• Tuesday, May 07, 2024

Arts and Culture

Anjum Hasan: Collision of the past and present

Eastern Eye caught up with the author of three novels and two short story collections to discuss her new book History’s Angel

Anjum Hasan

By: Mita Mistry

DEBATES, films, and drama serials set in the past, divisions triggered by different views of shared history, many books and more, show just how much of a hot topic history has become.

That has made the newly published book History’s Angel very timely and a clever new take on the popular subject. The new novel from Anjum Hasan revolves around a Muslim mild-mannered history teacher living in contemporary Delhi, at a time of religious division. He has to navigate family challenges with colleagues being suspicious of a Muslim teaching India’s history and an unthinkable chain of events plunging his life into chaos.

Eastern Eye caught up with the author of three novels and two short story collections to discuss her new book, which explores the life of Muslims in India, family and shared history.

What first connected you to writing?

It seems to have been a pre-conscious connection, but a few things helped to strengthen it – teachers for whom the English language was sacrosanct, a father in love with English literature, and my own inherent sense of escapism. Also, I didn’t have parents particularly ambitious for their children. So writing was less aspiration and more a state of being.

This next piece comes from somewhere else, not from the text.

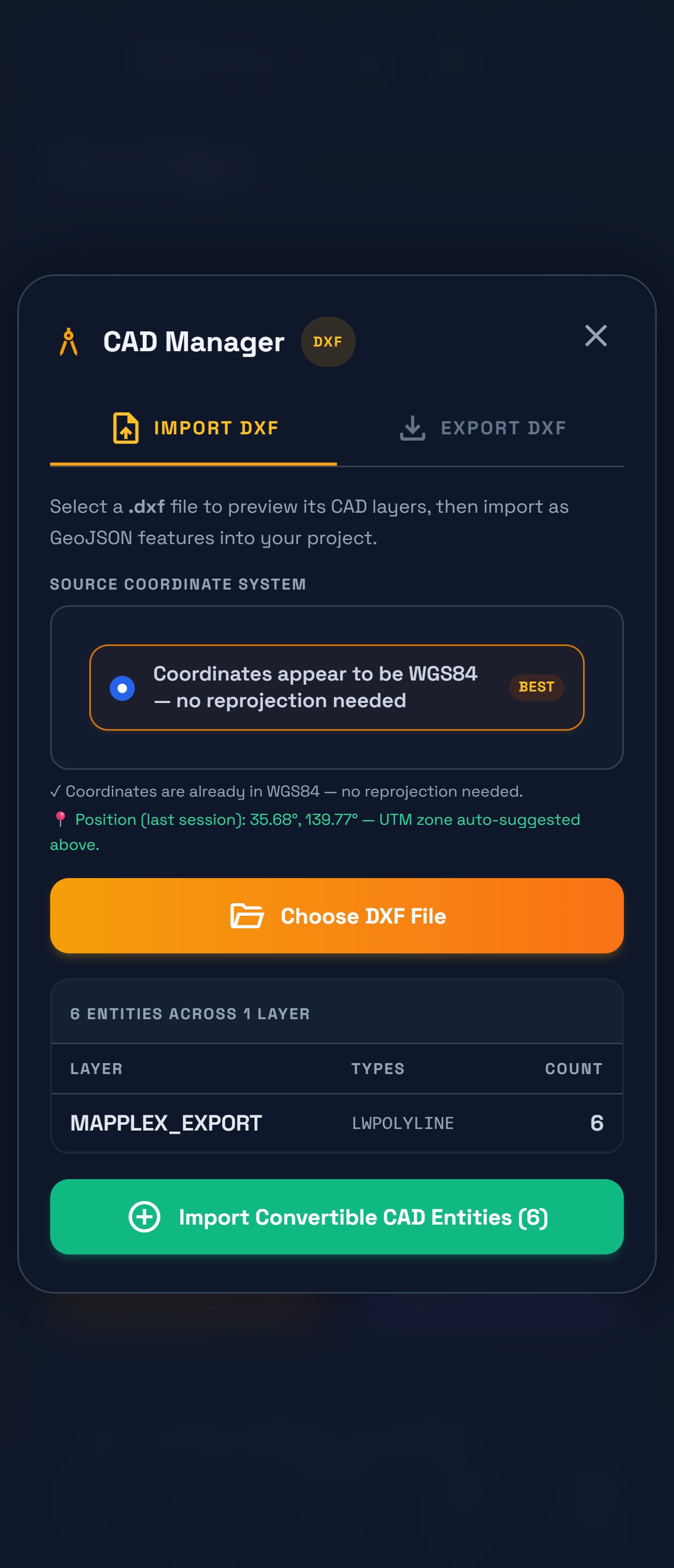 CAD import preview identifying WGS84 coordinates and six LWPOLYLINE entities in MAPPLEX_EXPORT.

What inspired your new novel?

I wanted to write a novel about a teacher of history at a time in India when history is the subject of daily war. The scholarly discipline still retains its independence but in a colloquial sense history is now a clash between those supporting different mythologies. I wanted to write a comic novel about this, and ask the question: When is this fight just a debate on TV and when does it have its fingers on your throat?

Tell us a little about the story?

Alif is a middle-aged teacher in Delhi and the story follows him trying to keep things together – his job is on the line because he flies off the handle with a child, an old flame has suddenly resurfaced, his wife is very dissatisfied with their unhip standard of living, and his son is fed up of school.

How does this compare to other works you have done?

I have often written about people somewhat at odds with their worlds, not subscribing to radical politics but more like low-key liberals feeling out of place in the bright lights of new India and trying to articulate that befuddlement. Also, in this novel, that sense of displacement is sharpened to the point where it becomes a question of survival.

The cover of her new novel

What do you think is the biggest challenge you faced as an author writing this novel?

Finding a language to write about politics and history that is not the language of politics and history but one that takes in the everyday: the feel of a new pair of shoes, mixed feelings towards family and friends, the sights on a Delhi street.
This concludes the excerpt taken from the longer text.